One of the strangest skills I’ve mastered this year is how to open canned food with nothing but a spoon. This is a skill I would have pegged as unnecessary in a first world, relatively well-paid temporary job, but is just one example of how the past seven months have completely surprised me. Can openers are superfluous, as are a closet full of scarves, scented body wash and gym memberships. There are so many things I used to take for granted that I can now count on my ‘extreme pleasures’ list, can openers being one of them. One of the things I love about my job is the plethora of ways in which it gives back to me, and learning exactly how many things are so uncritical to my life is one of the great lessons of living out of a duffel bag (I actually lived out of a much larger bag than that, though I’m working on it.)
While part of me is sad to leave my school, where I had a ton of fun with the students and was happy to see their English level improve with every month, I’m excited to announce a new chapter in my life: University Reader in Reims, France.
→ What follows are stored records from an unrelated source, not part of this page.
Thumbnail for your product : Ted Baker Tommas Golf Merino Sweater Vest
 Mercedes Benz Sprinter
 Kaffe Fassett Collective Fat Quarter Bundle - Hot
I’ll be working at the École Supérieure d’Ingénieurs (Engineering and packaging school), where I’ll finally have the autonomy I was lacking these past five years as an ESL instructor (there are only so many times I can lie and say an ‘exam’ is graded when I am technically prohibited from administering exams.) At my new post, I’ll have the liberty to design a full year of lessons / exams / conversation excursions / what-have-you, rather than being an auxiliary teacher. While this will obviously be a greater challenge, I’m more than ready to get serious in the profession.
I’m excited to be staying in the same technology field I worked with this year at a vocational high school; I’ll get to see where all my current students will be in just a few years while continuing to use the specialty knowledge I gained this year. I’m also happy to be working so close to the little mid-size city I’ve called my home for the past seven months, and all the great educators with whom I had the pleasure of working. I’ve already met a few people at my new school—all wonderful—and feel at home in the region, as Reims is a two-hour drive from Troyes.
The most surprising part about this transition from high school assistant to university reader, however, is that I’ve come to see ESL as a career path rather than a side job. At university, there was nothing I loved more than working with my language learners, but I had never considered it as a future option. Now, I see that I can teach English anywhere—at home or abroad—and really enjoy my work and environment. New Caledonia? Thailand? San Francisco? Where to next? Living on year-to-year contracts is not stable, and certainly not what I expected from my university degree, but it’s also so much more than a steady job could give me. It’s a beach sunset after ten miles of walking. It’s discovering how large, and small, our world really is. It’s like opening a can with a spoon: you have to twist, you have to dig to the center.